The latest article published by French et al. (23) in Western Australia, indicated that after a period of pre-pregnancy steroid use, the improvement of respiratory function is very high, but among women who have two, three or more weekly courses, no improvement is observed. Although the risks of recurrent steroids are low for the mother, they occur at any dose therefore multiple medications should always be avoided. Multiple-dose therapy is associated with weight loss at birth (24). A study by Dunlop et al. (25) found that repeated prenatal steroids delayed myelination of CNS axons in sheep. Further research has shown that repeated doses are harmful to the fetus because of great myelin damage. Computed tomography (CT) and magnetic resonance imaging (MRI) studies on fetuses have shown flattening of the cerebral hemispheres (26).
A. Rasheed's study, compared to other ultrasound manufacturers, uses ultrasound as a possible indicator of fetal lung maturation.
The presence of echogenic thalamus as a sign of fetal lung maturity had a specificity of 86.53%, which is greater than the other three signs of lung maturity. The predictive value was positive (89.6%) which is higher than the other three symptoms, but the sensitivity was 63.33% and the negative prediction was 57.69%, which is less than the presence of vernix in amniotic fluid, 86.66 and 67.56 respectively (27).
Another study on 155 individuals found that prenatal diagnosis reduced neonatal mortality by 95% (28). These results can inspire other clinical groups (29). Many studies on ultrasound prediction of fetal lung maturation were performed to compare ultrasound parameters with amniocentesis tests to evaluate this symptom with lung maturation (30).
Beck's study assesses lung maturity using ultrasound, comparing mental histogram techniques, and the gray scale histogram (GSH). The subjective assessment recognize 41 cases (53.2%) correctly and 36 (46.8%) incorrectly, while GSH found 58 (75.3%) correctly and 19 (24.7%) incorrectly (P=0.006). There was an important difference in mean lung/hepatic echogenicity among the groups with and sans respiratory distress (1.05 vs 1.26, P=0.002).
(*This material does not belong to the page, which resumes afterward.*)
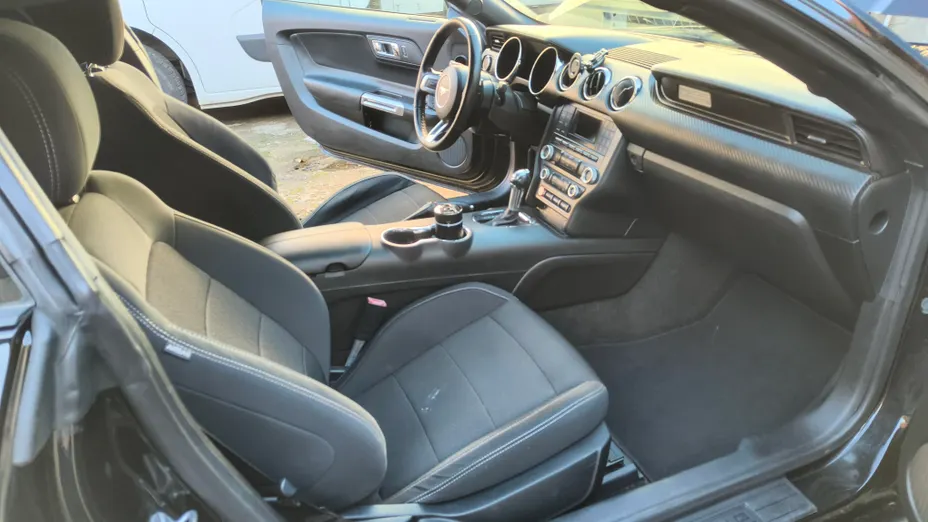 FORD (USA) Mustang Mustang 3.7 V6 aut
In the 28 to 35+6 weeks group, GSH had 61.9%, 89.1%, and 81.6% sensitivity, specificity, and accuracy in predicting respiratory distress, respectively (31).

 

 
Conclusion

A limited study has been performed in the field of ultrasonic marker of fetal lung maturity and it is suggested that detailed studies be performed in this field in other parts of Iran.

 

Acknowledgments

Thanks to all the authors of the article.

 

Conflicts of Interest

The authors declare no conflicts of interest.